Amy Larkin is an environmentalist with a background in marketing. She says that her “worldview connects an inherent love of nature with an abiding respect and admiration for the power and dynamism of business.” As director of Greenpeace Solutions, she has specialized in working with businesses to come up with economical solutions to environmental problems.

Although Larkin praises many businesses for being part of the solution, she is generally critical of big business for being part of the problem:

I think that corporations generally want it both ways. They want the rights of an individual to influence policy and the right to use unlimited money to influence elections. Most profoundly, executives and boards use the protection of the corporate veil against liability for their decisions that impact the economy, the environment and virtually anything else that affects people’s day-to-day lives.

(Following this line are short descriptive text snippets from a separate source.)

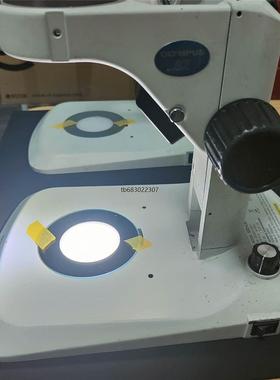 询价OLympus/奥林巴斯显微镜带光源原装底坐，SZ2-ILS议价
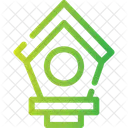 Birdhouse Bird Box Icon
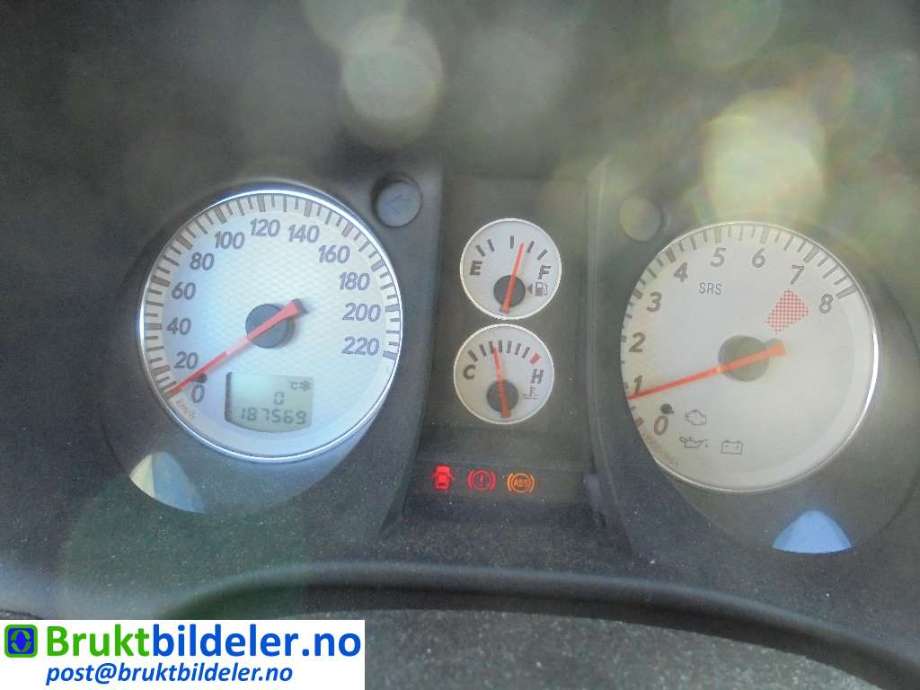 Mitsubishi Outlander 2003-2006 (Type I) , Motorkode: 4G63, Girkassekode: W5M42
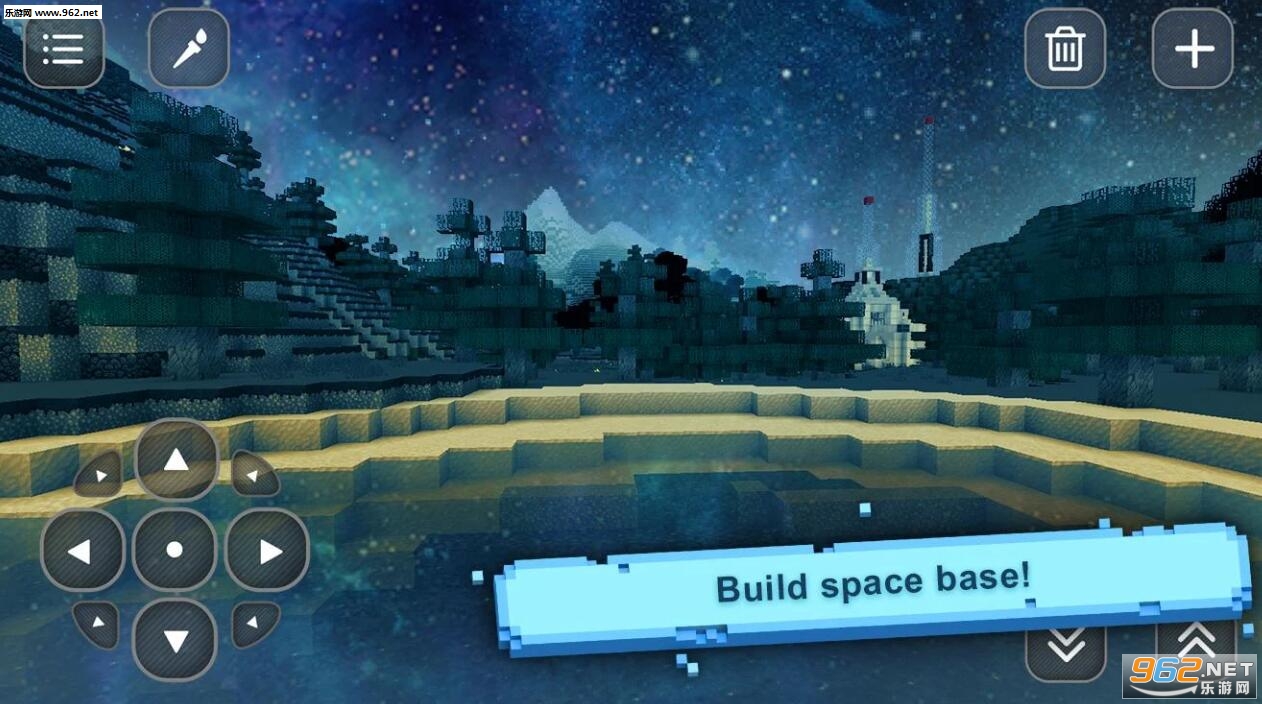 Space Craft(��̫�գ�����̽��δ֪�����纺����)��ͼ0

That, of course, is not the way a free-market economy is supposed to work. Larkin uses the concept of “environmental debt” to explain how supposedly rational economic behavior can have destructive consequences.

Environmental debt

The heart of the problem is that businesses can make short-term profits while doing long-term damage. Environmental debt consists of “polluting and/or damaging actions that will cost other parties…real money in the future. And just like any other debt, at some point the bill will come due.” However, the businesses that did the damage will not necessarily be the ones to pay the debt.

One reason society has tolerated the accumulation of environmental debt is that we have regarded natural resources as inexhaustible. We thought there would always be enough fish in the sea, trees in the forest, clean water in the rivers and fossil fuels in the ground. Why pay the costs of protecting and replenishing resources, or of developing renewable resources, before an environmental crisis forces one to do so?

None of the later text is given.